Copy every line of the material below exactly.

- **DATA LISTING**
%%

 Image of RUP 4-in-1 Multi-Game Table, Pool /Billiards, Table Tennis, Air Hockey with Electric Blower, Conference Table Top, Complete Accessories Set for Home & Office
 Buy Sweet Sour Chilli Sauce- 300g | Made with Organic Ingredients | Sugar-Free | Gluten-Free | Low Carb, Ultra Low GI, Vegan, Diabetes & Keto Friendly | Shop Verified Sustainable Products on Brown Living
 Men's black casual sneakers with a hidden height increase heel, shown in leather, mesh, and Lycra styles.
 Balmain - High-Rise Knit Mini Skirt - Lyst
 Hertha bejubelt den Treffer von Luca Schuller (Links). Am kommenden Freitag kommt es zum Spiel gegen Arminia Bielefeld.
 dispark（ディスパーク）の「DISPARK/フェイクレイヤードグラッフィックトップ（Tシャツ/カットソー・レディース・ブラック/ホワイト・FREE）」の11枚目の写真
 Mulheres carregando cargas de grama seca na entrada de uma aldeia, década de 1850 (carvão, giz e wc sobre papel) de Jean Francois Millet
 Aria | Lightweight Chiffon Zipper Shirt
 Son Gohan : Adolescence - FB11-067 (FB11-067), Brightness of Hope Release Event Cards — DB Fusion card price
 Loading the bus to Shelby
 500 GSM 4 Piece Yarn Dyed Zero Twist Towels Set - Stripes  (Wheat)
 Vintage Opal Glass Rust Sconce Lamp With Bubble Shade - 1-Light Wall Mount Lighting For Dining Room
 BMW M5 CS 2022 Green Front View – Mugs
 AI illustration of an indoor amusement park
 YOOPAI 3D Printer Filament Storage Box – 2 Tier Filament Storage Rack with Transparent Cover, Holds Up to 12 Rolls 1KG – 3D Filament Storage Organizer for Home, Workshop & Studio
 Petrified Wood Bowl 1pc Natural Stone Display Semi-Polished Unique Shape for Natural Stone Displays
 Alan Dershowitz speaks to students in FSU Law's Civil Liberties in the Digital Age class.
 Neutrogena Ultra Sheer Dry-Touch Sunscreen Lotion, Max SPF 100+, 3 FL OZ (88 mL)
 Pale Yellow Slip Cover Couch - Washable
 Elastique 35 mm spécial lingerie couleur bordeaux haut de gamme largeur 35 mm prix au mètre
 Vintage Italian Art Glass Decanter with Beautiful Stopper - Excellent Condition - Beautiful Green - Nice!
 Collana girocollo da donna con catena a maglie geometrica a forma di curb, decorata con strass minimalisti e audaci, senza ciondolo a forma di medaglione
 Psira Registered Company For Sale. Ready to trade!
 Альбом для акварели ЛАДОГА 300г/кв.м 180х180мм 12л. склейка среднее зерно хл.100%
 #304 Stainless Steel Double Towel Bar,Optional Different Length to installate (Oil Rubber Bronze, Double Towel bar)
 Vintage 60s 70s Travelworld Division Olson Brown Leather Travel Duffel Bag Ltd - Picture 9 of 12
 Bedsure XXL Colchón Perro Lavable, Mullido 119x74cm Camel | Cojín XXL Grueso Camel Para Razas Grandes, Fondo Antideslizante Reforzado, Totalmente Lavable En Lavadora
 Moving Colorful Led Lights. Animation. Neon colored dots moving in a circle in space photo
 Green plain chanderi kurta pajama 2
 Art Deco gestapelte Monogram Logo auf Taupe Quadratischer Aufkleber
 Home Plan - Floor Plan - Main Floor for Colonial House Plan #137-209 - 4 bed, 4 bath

%%

- **EXERCISE ANSWER**
 Image of RUP 4-in-1 Multi-Game Table, Pool /Billiards, Table Tennis, Air Hockey with Electric Blower, Conference Table Top, Complete Accessories Set for Home & Office
 Buy Sweet Sour Chilli Sauce- 300g | Made with Organic Ingredients | Sugar-Free | Gluten-Free | Low Carb, Ultra Low GI, Vegan, Diabetes & Keto Friendly | Shop Verified Sustainable Products on Brown Living
 Men's black casual sneakers with a hidden height increase heel, shown in leather, mesh, and Lycra styles.
 Balmain - High-Rise Knit Mini Skirt - Lyst
 Hertha bejubelt den Treffer von Luca Schuller (Links). Am kommenden Freitag kommt es zum Spiel gegen Arminia Bielefeld.
 dispark（ディスパーク）の「DISPARK/フェイクレイヤードグラッフィックトップ（Tシャツ/カットソー・レディース・ブラック/ホワイト・FREE）」の11枚目の写真
 Mulheres carregando cargas de grama seca na entrada de uma aldeia, década de 1850 (carvão, giz e wc sobre papel) de Jean Francois Millet
 Aria | Lightweight Chiffon Zipper Shirt
 Son Gohan : Adolescence - FB11-067 (FB11-067), Brightness of Hope Release Event Cards — DB Fusion card price
 Loading the bus to Shelby
 500 GSM 4 Piece Yarn Dyed Zero Twist Towels Set - Stripes  (Wheat)
 Vintage Opal Glass Rust Sconce Lamp With Bubble Shade - 1-Light Wall Mount Lighting For Dining Room
 BMW M5 CS 2022 Green Front View – Mugs
 AI illustration of an indoor amusement park
 YOOPAI 3D Printer Filament Storage Box – 2 Tier Filament Storage Rack with Transparent Cover, Holds Up to 12 Rolls 1KG – 3D Filament Storage Organizer for Home, Workshop & Studio
 Petrified Wood Bowl 1pc Natural Stone Display Semi-Polished Unique Shape for Natural Stone Displays
 Alan Dershowitz speaks to students in FSU Law's Civil Liberties in the Digital Age class.
 Neutrogena Ultra Sheer Dry-Touch Sunscreen Lotion, Max SPF 100+, 3 FL OZ (88 mL)
 Pale Yellow Slip Cover Couch - Washable
 Elastique 35 mm spécial lingerie couleur bordeaux haut de gamme largeur 35 mm prix au mètre
 Vintage Italian Art Glass Decanter with Beautiful Stopper - Excellent Condition - Beautiful Green - Nice!
 Collana girocollo da donna con catena a maglie geometrica a forma di curb, decorata con strass minimalisti e audaci, senza ciondolo a forma di medaglione
 Psira Registered Company For Sale. Ready to trade!
 Альбом для акварели ЛАДОГА 300г/кв.м 180х180мм 12л. склейка среднее зерно хл.100%
 #304 Stainless Steel Double Towel Bar,Optional Different Length to installate (Oil Rubber Bronze, Double Towel bar)
 Vintage 60s 70s Travelworld Division Olson Brown Leather Travel Duffel Bag Ltd - Picture 9 of 12
 Bedsure XXL Colchón Perro Lavable, Mullido 119x74cm Camel | Cojín XXL Grueso Camel Para Razas Grandes, Fondo Antideslizante Reforzado, Totalmente Lavable En Lavadora
 Moving Colorful Led Lights. Animation. Neon colored dots moving in a circle in space photo
 Green plain chanderi kurta pajama 2
 Art Deco gestapelte Monogram Logo auf Taupe Quadratischer Aufkleber
 Home Plan - Floor Plan - Main Floor for Colonial House Plan #137-209 - 4 bed, 4 bath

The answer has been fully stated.